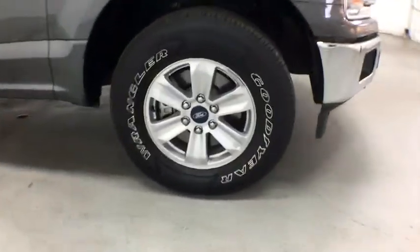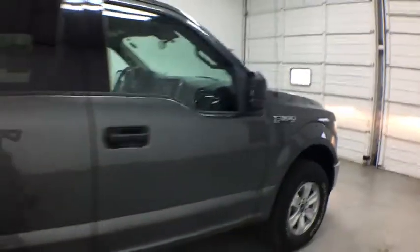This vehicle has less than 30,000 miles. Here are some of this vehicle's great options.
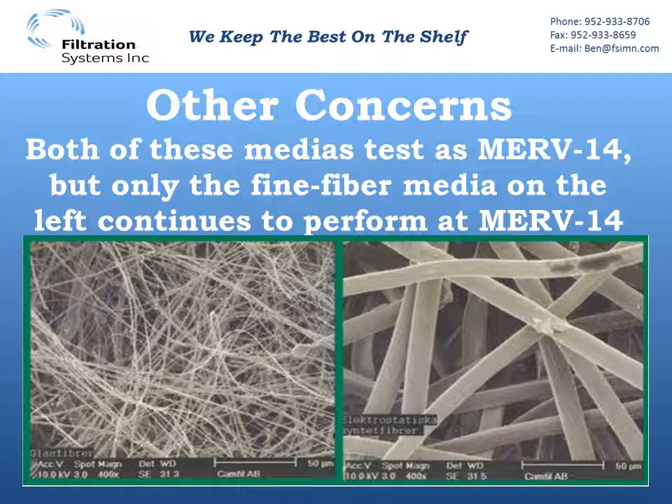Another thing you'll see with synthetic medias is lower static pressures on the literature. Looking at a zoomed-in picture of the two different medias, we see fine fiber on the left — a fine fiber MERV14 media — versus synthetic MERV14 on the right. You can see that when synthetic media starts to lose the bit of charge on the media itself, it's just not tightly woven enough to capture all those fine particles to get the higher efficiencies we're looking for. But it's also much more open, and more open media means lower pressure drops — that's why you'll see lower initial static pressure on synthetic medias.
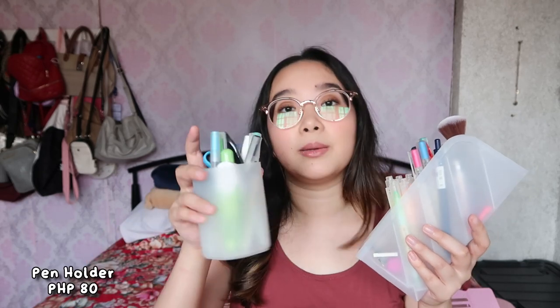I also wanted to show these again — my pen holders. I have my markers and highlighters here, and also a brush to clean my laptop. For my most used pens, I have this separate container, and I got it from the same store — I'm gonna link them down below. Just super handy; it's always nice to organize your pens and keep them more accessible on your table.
- - -
Task description →
All the lines above are to be given again exactly as they read, with the pictures removed.

Task response →
This vehicle has less than 30,000 miles. Here are some of this vehicle's great options.
Another thing you'll see with synthetic medias is lower static pressures on the literature. Looking at a zoomed-in picture of the two different medias, we see fine fiber on the left — a fine fiber MERV14 media — versus synthetic MERV14 on the right. You can see that when synthetic media starts to lose the bit of charge on the media itself, it's just not tightly woven enough to capture all those fine particles to get the higher efficiencies we're looking for. But it's also much more open, and more open media means lower pressure drops — that's why you'll see lower initial static pressure on synthetic medias.
I also wanted to show these again — my pen holders. I have my markers and highlighters here, and also a brush to clean my laptop. For my most used pens, I have this separate container, and I got it from the same store — I'm gonna link them down below. Just super handy; it's always nice to organize your pens and keep them more accessible on your table.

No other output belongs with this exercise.